Lo de los saladares no es lo mío. Me aburren, que queréis que os diga. Lo único es que sí he podido sacar alguna foto de la costa que se va haciendo salvaje. Hemos visto leones marinos de lejos, flamencos, miles de aves. Pero lo más impresionante son las islitas que se quedan aisladas de la tierra por la erosión del mar.





Hemos dormido en un pequeño pueblito a la desembocadura de un río. El nombre de ambos da igual en este caso. Solo decir que estamos en la América más profunda. El hotel es similar al de El Resplandor. Un pasillo enorme con habitaciones a ambos lados, moqueta mullida en el suelo. En las habitaciones, como en todas las de los Estados Unidos, un ejemplar de la “Holy Bible”.

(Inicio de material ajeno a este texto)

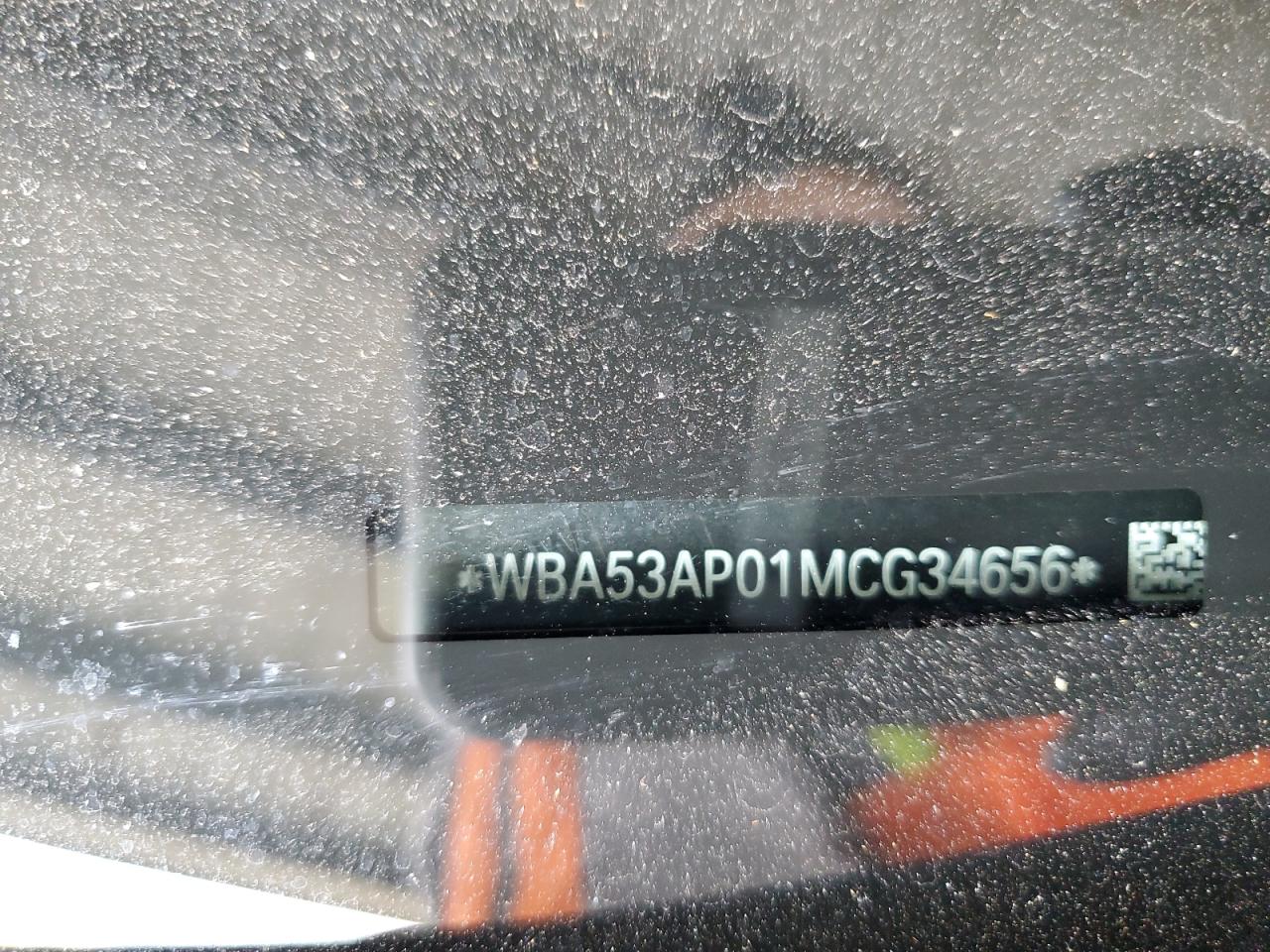 2021 BMW 430I VIN: WBA53AP01MCG34656 Lot: 64130195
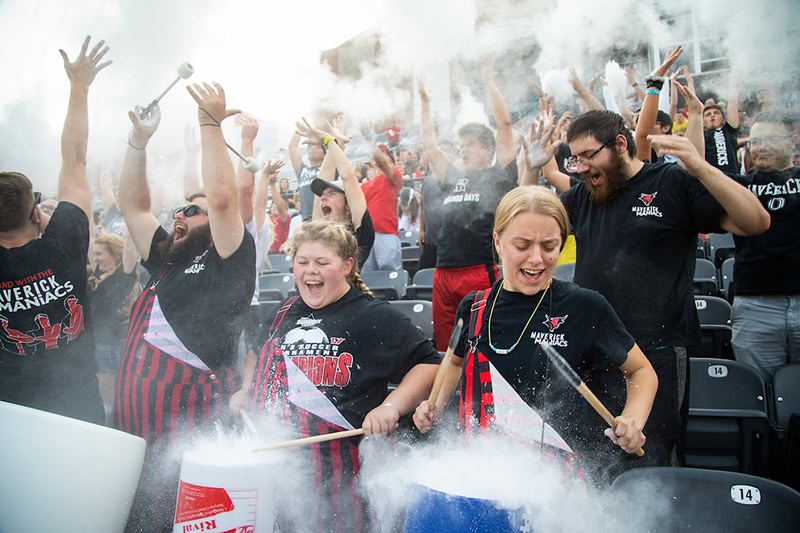 Images from UNO's Durango Days welcome week events.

Hemos ido a cenar a un sitio que nos han dicho que estaría abierto (las nueve por aquí, como ya os escribí, es muy tarde). Desde fuera el sitio prometía. Letrero de neón sobre una fachada de madera con una única puerta en el centro, sin ventanas. La barra estaba a la derecha, con una mesas a la izquierda. Al fondo, bajo dos escalones y protegido por una red llena de neones anunciando cervezas, unas mesas de billar en las que una chica de unos 25 años y 130 kilos jugaba con su novio. Junto a las mesas, una abuelita vestida de vaquera manoseaba un amplificador y unos micros.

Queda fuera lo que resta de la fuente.